Dott. SCODITTI Enrico – Consigliere –

Dott. GORGONI Marilena – rel. Consigliere –

ha pronunciato la seguente:

SENTENZA

sul ricorso 27237-2016 proposto da:

PANORAMICA SRL CASA DI CURA VILLA PIA POLISPECIALISTICA in persona

del legale rappresentante p.t. B.D., elettivamente

domiciliata in ROMA, VIA ORAZIO 3, presso lo studio dell’avvocato

VITO BELLINI, che la rappresenta e difende unitamente agli avvocati

MARIA LUISA BELLINI, GIUSEPPE GRAZIOSI;

– ricorrenti –

contro

ASL ROMA (OMISSIS), elettivamente domiciliata in ROMA, VIA CASAL

BERNOCCHI PRESSO ASL, presso lo studio dell’avvocato FABIO FERRARA,

che la rappresenta e difende;

REGIONE LAZIO in persona del Presidente pro tempore della Giunta

Regionale, elettivamente domiciliata in ROMA, VIA MARCANTONIO

COLONNA 27 presso lo studio dell’avvocato TIZIANA CIOTOLA che la

rappresenta e difende;

– controricorrenti –

avverso la sentenza n. 3566/2016 della CORTE D’APPELLO di ROMA,

depositata il 04/06/2016;

udita la relazione della causa svolta nella pubblica udienza del

12/07/2019 dal Consigliere Dott. MARILENA GORGONI;

lette le conclusioni scritte del Pubblico Ministero, in persona del

Sostituto Procuratore generale CARDINO ALBERTO, che ha chiesto

l’accoglimento dei motivi 3 e 4 di ricorso;

udito il P.M. in persona del Sostituto Procuratore Generale Dott.
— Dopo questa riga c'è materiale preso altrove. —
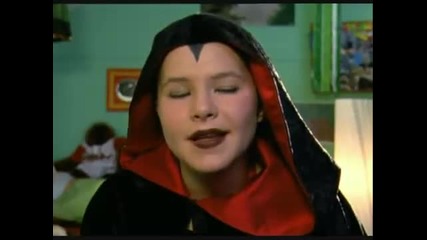 the sleepover clun S01 ep 2 part 3 scary movie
CARDINO ALBERTO che ha chiesto l’accoglimento dei motivi 3 e 4 del

ricorso;

udito l’Avvocato MARIA LUISA BELLINI e GIUSEPPE GRAZIOSI;

udito l’Avvocato GIUSEPPE ALLOCCA per delega;

udito l’Avvocato GIOVANNI VETTORI per delega orale.

Fatto

FATTI DI CAUSA

La Soc. Panoramica S.r.l. – Casa di Cura Villa Pia Polispecialistica conveniva in giudizio innanzi al Tribunale di Roma la Azienda USL Roma (OMISSIS), oggi Asl Roma (OMISSIS), e la Regione Lazio per ottenere la somma di Euro 2.324.446,00 quale corrispettivo di prestazioni in eccesso rispetto a quelle programmate, o, in via subordinata, a titolo di risarcimento del danno subito a causa della omessa determinazione da parte della Regione Lazio dei criteri per remunerare prestazioni erogate in eccesso o, in via ulteriormente subordinata, ai sensi dell’art. 2041 c.c..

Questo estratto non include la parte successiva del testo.